The next best performing topic was Info sharing with the logistic regression classifier. This is likely due to luck, because considering there were only 51 labelled documents with that topic, the test set would’ve had less than 10 examples. This is not a large enough sample size to consider this score as a conclusive result. However, it can tell us that this topic likely has some very strongly related terms that allowed the classifier to perform well in this data set. If these terms generalize well to unseen data, then this topic could be worthwhile to pursue for future research.

Next, mental health performed quite well with both bert and logistic regression. The size of data is large enough to give more insight that this classifer may be able to generalize well on unseen data.

Finally, another big surprise is that the second biggest category “otherAdv” performed very badly with BERT, but very well with logistic regression. The issue with the bert classifier could be that the training data given happened to be very niche, and so the classifier did not generalize to perform on the test set (over-fitting). More investigation and experimentation with Bert model parameters would be required to address this issue.

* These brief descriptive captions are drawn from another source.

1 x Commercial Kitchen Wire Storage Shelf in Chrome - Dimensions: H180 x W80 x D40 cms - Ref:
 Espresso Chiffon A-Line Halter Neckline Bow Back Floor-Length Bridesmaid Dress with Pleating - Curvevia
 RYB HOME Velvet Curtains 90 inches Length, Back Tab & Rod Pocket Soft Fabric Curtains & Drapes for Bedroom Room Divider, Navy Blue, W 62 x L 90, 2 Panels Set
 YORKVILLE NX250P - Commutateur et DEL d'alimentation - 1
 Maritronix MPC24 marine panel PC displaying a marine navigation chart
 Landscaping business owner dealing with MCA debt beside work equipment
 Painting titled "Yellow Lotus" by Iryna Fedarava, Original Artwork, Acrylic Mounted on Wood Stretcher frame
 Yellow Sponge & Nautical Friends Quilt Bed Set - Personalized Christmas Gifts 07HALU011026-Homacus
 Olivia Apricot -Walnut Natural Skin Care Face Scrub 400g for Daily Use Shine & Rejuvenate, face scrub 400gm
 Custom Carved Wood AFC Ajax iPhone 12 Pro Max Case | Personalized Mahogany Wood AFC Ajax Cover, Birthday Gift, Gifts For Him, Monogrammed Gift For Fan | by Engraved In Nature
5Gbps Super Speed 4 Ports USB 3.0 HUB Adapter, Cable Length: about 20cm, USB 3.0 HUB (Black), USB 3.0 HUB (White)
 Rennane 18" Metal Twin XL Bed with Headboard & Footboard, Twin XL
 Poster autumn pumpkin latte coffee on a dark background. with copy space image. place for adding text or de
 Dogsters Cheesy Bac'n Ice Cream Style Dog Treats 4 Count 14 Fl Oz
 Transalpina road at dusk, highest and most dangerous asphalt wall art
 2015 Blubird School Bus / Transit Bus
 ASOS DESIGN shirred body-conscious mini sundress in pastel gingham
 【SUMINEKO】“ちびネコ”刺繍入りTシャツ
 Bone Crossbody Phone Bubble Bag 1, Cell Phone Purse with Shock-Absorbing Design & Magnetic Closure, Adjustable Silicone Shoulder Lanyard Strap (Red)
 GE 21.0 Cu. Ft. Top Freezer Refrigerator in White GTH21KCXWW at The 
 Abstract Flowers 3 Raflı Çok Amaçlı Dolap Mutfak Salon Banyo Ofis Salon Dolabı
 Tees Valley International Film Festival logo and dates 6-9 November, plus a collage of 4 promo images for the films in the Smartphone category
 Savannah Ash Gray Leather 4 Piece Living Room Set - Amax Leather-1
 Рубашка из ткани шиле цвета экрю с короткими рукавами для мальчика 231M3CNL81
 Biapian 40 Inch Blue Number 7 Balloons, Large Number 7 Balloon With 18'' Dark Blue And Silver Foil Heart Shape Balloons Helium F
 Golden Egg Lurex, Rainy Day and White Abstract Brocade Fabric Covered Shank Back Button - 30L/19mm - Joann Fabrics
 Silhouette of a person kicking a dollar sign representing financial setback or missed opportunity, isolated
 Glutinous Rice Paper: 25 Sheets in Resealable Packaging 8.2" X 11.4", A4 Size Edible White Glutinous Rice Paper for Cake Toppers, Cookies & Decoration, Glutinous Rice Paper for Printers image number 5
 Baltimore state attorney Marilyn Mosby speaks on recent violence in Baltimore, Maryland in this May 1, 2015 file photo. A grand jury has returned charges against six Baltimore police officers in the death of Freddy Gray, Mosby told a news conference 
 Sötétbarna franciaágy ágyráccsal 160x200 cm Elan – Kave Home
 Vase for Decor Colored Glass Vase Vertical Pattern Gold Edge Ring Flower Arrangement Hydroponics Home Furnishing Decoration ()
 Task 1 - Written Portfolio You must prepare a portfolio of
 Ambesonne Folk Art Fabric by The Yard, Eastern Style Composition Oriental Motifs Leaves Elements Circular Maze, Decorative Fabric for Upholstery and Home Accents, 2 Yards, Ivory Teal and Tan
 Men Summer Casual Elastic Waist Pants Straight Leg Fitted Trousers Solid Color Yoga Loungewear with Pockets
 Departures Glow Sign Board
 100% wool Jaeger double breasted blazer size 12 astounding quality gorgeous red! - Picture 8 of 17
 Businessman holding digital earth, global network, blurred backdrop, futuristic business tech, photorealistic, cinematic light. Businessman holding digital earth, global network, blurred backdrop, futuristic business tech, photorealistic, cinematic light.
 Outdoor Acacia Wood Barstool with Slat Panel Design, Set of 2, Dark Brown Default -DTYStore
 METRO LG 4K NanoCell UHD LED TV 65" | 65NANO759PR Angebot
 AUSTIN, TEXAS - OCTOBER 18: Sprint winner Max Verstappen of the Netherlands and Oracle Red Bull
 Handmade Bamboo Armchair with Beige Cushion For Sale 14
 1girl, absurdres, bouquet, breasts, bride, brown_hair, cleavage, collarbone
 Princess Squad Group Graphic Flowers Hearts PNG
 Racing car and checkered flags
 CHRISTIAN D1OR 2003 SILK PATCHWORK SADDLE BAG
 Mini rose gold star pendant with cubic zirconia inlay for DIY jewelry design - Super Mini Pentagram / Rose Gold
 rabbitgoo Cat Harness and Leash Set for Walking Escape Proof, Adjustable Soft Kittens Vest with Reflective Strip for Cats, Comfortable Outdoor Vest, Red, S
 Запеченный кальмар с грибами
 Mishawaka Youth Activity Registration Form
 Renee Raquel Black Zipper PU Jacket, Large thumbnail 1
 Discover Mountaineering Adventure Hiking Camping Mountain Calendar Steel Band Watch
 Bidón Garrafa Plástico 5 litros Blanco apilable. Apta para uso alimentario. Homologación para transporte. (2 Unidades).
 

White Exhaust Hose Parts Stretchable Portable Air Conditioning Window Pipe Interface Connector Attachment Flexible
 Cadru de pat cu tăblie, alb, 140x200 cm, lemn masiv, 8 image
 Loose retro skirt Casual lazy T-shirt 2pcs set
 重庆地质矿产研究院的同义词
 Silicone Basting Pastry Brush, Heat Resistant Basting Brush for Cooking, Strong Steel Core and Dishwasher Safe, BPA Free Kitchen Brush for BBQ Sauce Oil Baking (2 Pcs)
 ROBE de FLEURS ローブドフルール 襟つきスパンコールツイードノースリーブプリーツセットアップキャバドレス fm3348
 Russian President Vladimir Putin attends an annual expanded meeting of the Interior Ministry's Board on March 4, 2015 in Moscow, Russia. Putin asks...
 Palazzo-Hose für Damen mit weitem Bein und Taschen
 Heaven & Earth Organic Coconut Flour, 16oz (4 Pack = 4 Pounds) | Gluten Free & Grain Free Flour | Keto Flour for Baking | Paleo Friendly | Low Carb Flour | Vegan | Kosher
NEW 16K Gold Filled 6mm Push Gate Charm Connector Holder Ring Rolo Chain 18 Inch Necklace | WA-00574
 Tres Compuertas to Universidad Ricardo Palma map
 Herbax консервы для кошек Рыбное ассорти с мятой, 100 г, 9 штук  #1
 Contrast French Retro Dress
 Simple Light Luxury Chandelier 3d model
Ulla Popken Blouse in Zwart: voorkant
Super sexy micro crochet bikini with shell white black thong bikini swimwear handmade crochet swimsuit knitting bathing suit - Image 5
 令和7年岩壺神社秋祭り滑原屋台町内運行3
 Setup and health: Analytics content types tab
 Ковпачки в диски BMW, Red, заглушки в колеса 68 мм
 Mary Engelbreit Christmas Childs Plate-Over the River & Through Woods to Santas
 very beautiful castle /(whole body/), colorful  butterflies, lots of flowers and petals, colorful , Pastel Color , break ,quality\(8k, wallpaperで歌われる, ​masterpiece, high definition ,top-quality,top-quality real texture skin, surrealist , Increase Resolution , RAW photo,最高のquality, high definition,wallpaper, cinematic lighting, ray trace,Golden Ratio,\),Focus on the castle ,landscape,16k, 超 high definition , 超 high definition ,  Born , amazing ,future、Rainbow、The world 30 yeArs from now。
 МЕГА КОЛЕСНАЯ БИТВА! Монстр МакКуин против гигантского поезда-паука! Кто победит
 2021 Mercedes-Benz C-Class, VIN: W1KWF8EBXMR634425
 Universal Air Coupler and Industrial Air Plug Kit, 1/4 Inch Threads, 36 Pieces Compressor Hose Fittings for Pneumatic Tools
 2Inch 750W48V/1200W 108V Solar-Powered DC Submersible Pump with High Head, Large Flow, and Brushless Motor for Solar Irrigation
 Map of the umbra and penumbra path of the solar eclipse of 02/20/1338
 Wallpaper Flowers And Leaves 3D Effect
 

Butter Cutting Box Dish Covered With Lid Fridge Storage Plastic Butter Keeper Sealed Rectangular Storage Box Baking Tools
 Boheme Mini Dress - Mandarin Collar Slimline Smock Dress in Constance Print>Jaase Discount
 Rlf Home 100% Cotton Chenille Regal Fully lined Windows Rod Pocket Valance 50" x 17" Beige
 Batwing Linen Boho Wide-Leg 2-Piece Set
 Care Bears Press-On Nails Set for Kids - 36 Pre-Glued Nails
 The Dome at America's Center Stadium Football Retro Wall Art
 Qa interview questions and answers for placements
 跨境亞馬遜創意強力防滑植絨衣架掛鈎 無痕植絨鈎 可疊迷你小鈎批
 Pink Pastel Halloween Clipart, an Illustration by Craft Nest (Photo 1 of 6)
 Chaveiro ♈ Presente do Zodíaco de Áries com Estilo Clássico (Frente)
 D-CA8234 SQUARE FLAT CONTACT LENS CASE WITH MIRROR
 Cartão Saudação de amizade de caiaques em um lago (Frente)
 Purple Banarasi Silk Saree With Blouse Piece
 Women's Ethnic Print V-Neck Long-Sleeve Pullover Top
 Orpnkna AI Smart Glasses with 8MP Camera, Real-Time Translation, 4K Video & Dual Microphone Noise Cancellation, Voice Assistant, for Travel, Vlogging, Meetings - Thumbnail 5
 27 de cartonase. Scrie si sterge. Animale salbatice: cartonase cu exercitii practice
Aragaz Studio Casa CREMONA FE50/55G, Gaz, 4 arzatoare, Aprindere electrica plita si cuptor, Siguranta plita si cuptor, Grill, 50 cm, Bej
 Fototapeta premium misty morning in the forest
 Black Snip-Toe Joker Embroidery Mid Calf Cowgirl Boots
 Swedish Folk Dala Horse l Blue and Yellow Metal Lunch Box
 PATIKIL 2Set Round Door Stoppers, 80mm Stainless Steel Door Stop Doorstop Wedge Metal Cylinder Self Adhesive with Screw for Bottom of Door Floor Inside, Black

Suggestions for Next Steps

Based on this analysis, next steps I would take would be to focus on the sub-type categories that have the most labels, as well as the co-occurence sub type labels, and create a new set of labels: Guns, Mental Health, Guns+OtherAdv, Guns+MentalHealth, and Other. This would result in 5 reasonably similar size sub-topics of Policy. Then, I would proceed with a multi-class classification testing (as opposed to testing one at a time in binary classification as I have done in this experiment).

The Guns topic is the most reliable and for future studies, this classifier could likely be used to identify excerpts discussing the topic of policy-guns.

Note, I did try multi-label classification with bert as well, but the results turned out to be strange, with each sub-topic getting almost exactly 0.5 in f-score. I would proceed with the pytorch bert implementation (instead of this code) for future testing.